In this paper, we bring up an end-to-end incremental object detector to continuously learn from new data without using old data. Figure 2 presents the whole framework of the proposed method. It is a triple-network which includes three detection networks. Old Model (OM) is a frozen copy of the original detector trained on old data, which provides the knowledge of old classes, including the detection results and distributions of the output layers. Incremental Model (IM) is adapted to detect both old and new classes with the annotations of new data and the knowledge from OM. The detection results from OM are regarded as the pseudo ground-truth, which are combined with the annotations of new data for updating IM. Residual Model (RM) is an assistant model jointly trained to detect new classes. To better preserve the knowledge of old classes and maintain the discrimination between old and new classes, a new distillation scheme is designed to add some constraints on the training procedure of IM, including a residual distillation loss and a joint classification distillation loss, which are applied on feature space and output layers respectively. The method is described in detail as follows.
3.1. Triple-Network based Incremental Detector
The triple-network for incremental object detection is based on Faster R-CNN, which is an end-to-end proposal-based object detector, and the backbone used in our framework is ResNet50 (He et al., 2016).
In the incremental learning stage, the parameters of IM are initialized from OM excluding the weights and bias of new added output layers for new classes, which are initialized randomly. After training samples of new data fed into the triple-network, OM will generate some bounding boxes after filtered by confidence threshold and per-category non-maxima suppression (NMS). For the remaining bounding boxes, IoU is computed between them and the ground-truth of new data to further filter overlapped boxes. We delete the bounding box from OM if it has an IoU greater than with a ground-truth bounding box of a new class, which are obviously wrong detection results. The remaining bounding boxes as the pseudo ground-truth are combined with the original annotations of new data for training IM.
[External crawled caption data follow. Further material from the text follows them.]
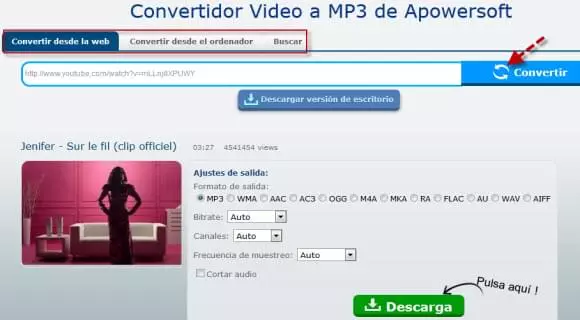 página similare a vidtomp3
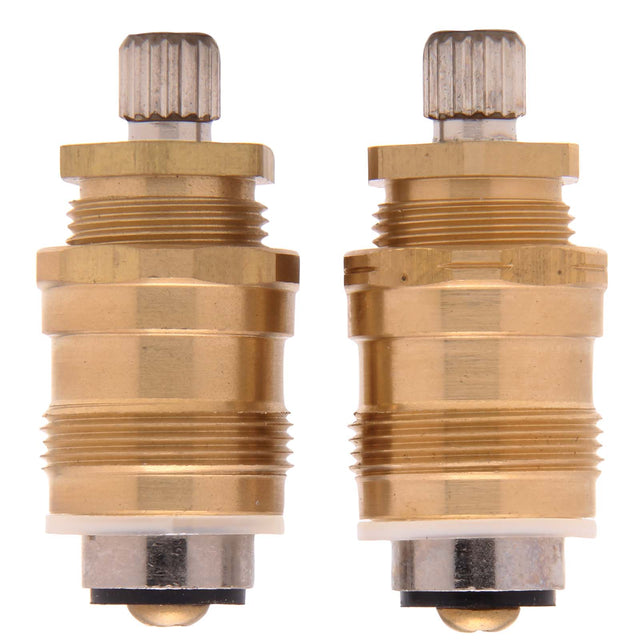 PlumbMaster Approved 10276NL El-16xwb No-Lead Right Hand Hot & Left Hand Cold Stem with Bonnet (Pair) For Eljer Deck Faucets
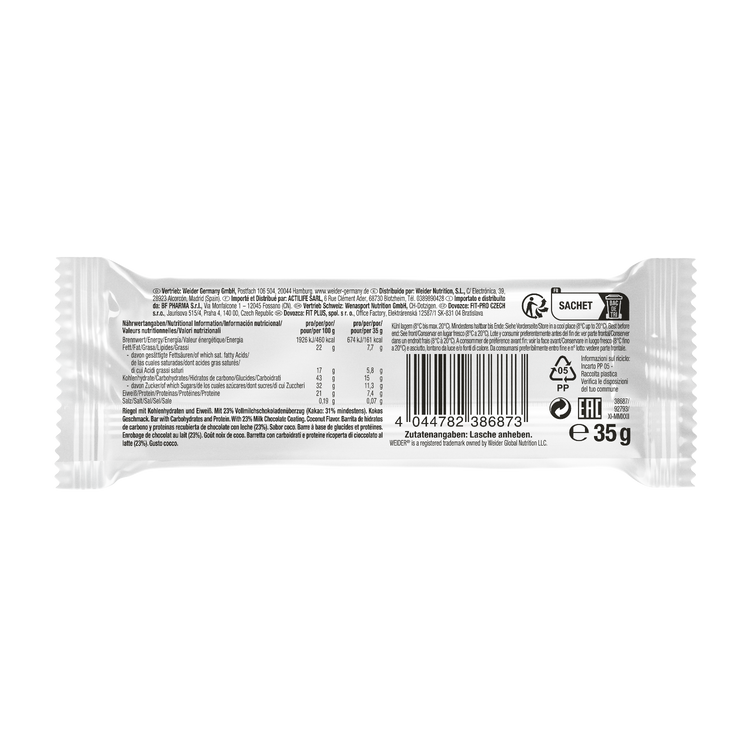 Weider Classic Bar - 35 g - Kokos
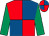 Red and royal blue (quartered), emerald green sleeves (Mr Gwyn Evans)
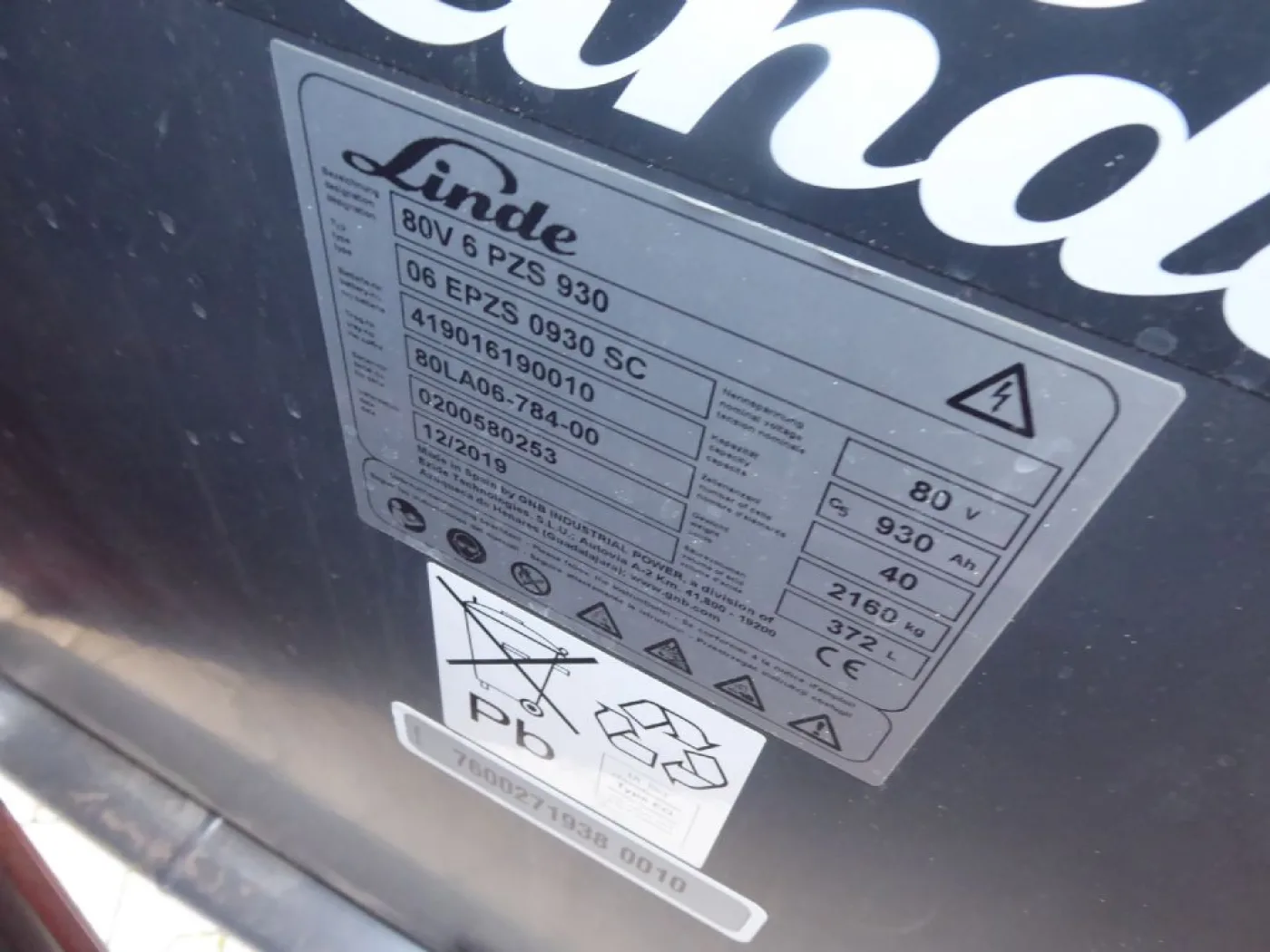 Linde E50L-01/600 Containerfähig - 6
To preserve the learned knowledge, many methods generally train the IM to mimic the feature and outputs of OM. As shown in Figure 3 (a), the general distillation calculates the difference between OM and IM, and minimizes the differences simultaneously. This constrains will restrict the capability of IM to learn the unique character of both old and new classes. Therefore, RM is designed to maintain the difference between old and new classes, which is only trained to detect new classes in the incremental learning stage. Meanwhile, RM should mimic the residual feature between OM and IM, which can be seen as the representation of new classes. The backbone of RM is initialized by the pretrained ResNet50, and the remaining parameters are initialized randomly.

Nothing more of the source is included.